Keywords were extracted for each restaurant by star rating level. This was done by creating a document of reviews for each restaurant at each star rating level and then performing the TF/IDF analysis to the document set. A review document for a restaurant was compared to other restaurant documents within common cuisine type categories. An sklearn.feature_extraction.text.TfidfVectorizer
was used to fit documents and retrieve TF/IDF scores for words from specific documents.
Example Restaurant: Madison Pour House - American (New), Pubs
Positive Ratings | Negative Ratings |
---|---|
Word similarities can be seen through the use of word embedding models created at the rating level as well as the individual restaurant level. A gensim.models.Word2Vec
vectorizer was used with 20 dimensions to create word vector models.
Most similar words/phrases to beer_selection, draft, and service using word vector models created for each rating level:
- 5.0 rating: beer_list, drink_selection, selection_beers, family_owned_restaurant, services, people_work, wine_selection, noshes
- 4.0 rating: beer_list, open_till, drink_menu, beers_tap, wine_list, selection_tap, eclectic_menu, service_impeccable
- 3.0 rating: wine_list, entertainment, positives, excellent_service, wine_selection, servers_always, payton, friendly_wait_staff
- 2.0 rating: bordering, slow_night, pace, welcoming, outdoor_space, horrible_service, terrible_service, waiter_attentive
- 1.0 rating: service_terrible, oof, drink_selection, nature, excursion, last_times, though, taste_mouth
Using t-Distributed Stochastic Neighbor Embedding (t-SNE) dimensionality reduction from sklearn.manifold.TSNE, a word cloud displaying word/phrase similarity can be viewed.
- 5.0 rating word cloud for same key phrases (beer_selection, draft, and service).
In order to predict star rating for any block of text, various models were tested using GridSearchCV and Pipelines from sklearn. The model-types tested were: Random Forest, Support Vector Machine, Logistic Regression, XGBoost, and a Keras LSTM Network.
CLASSIFICATION METRIC USED
Custom Accuracy. Accuracy is the percentage of correct predictions. The custom accuracy score used is a modified version of the traditional accuracy score. As reviews are rated on a 1-5 scale, full credit is given to correct preditions and 50% credit to predictions that are 1 star rating away from the true label (i.e. 50% credit given to 1-star predictions when the true label is 2-stars).
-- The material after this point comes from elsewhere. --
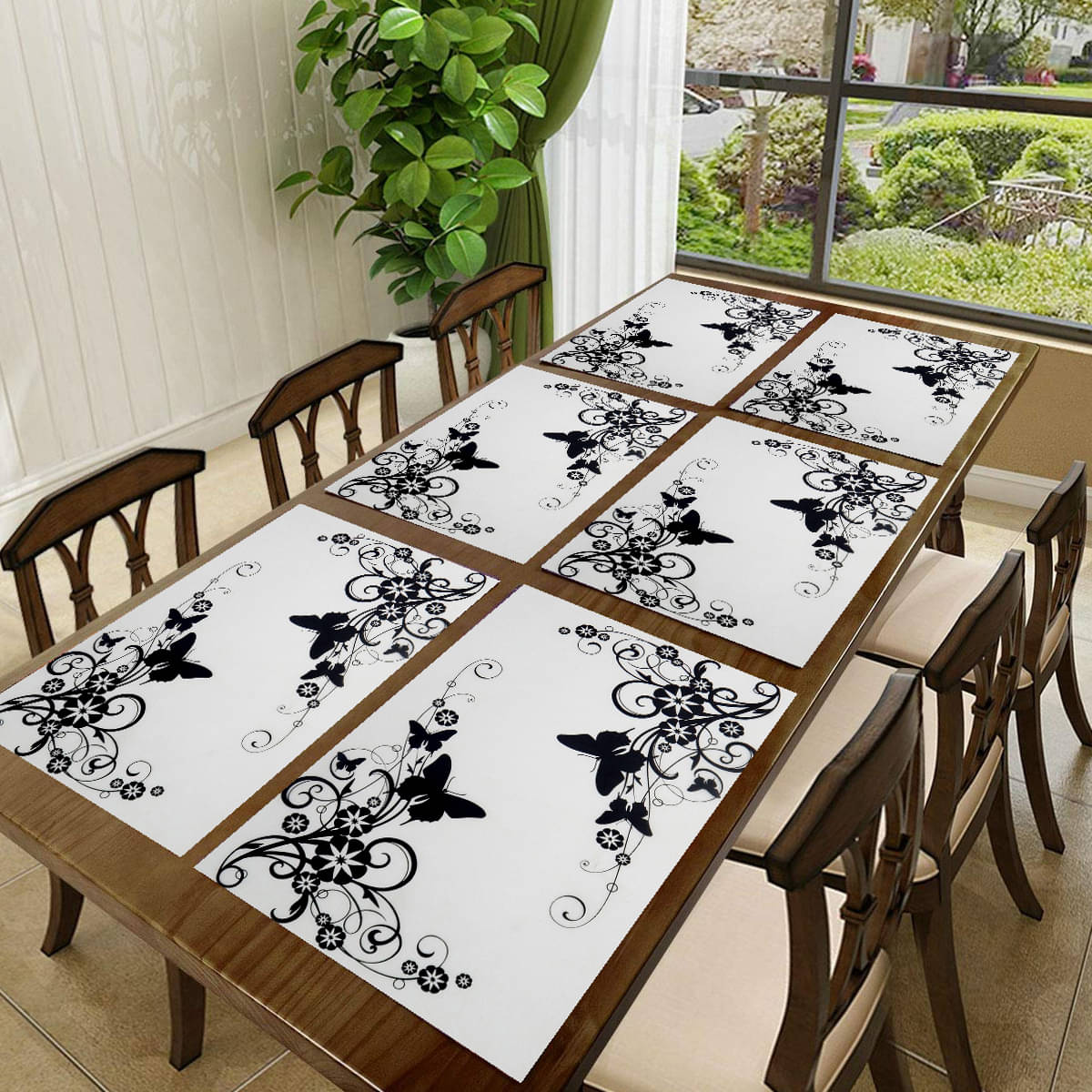 Revexo PVC Solid Rectangle Table Mats ( 40 cm x 30 cm ) Pack of 1 - Multi     			Revexo PVC Solid Rectangle Table Mats ( 40 cm x 30 cm ) Pack of 1 - Multi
This was seen as a better optimization metric as misclassification in an adjacent group is better than other misclassifications.
MODEL TYPE CHOSEN
- sklearn.svm.SVC - Support Vector Classifier
MODEL PARAMETERS
- gamma='auto'
- C=1.0
- kernel='rbf'
CONFUSION MATRIX
Training Data | Test Data |
---|---|
Notes:
The Keras LSTM Network model performed very well. In fact, it performed better than the SVC model on both the training and test data. However, I chose the SVC model because it was less prone to overfitting and performed similarly between the training data and test data.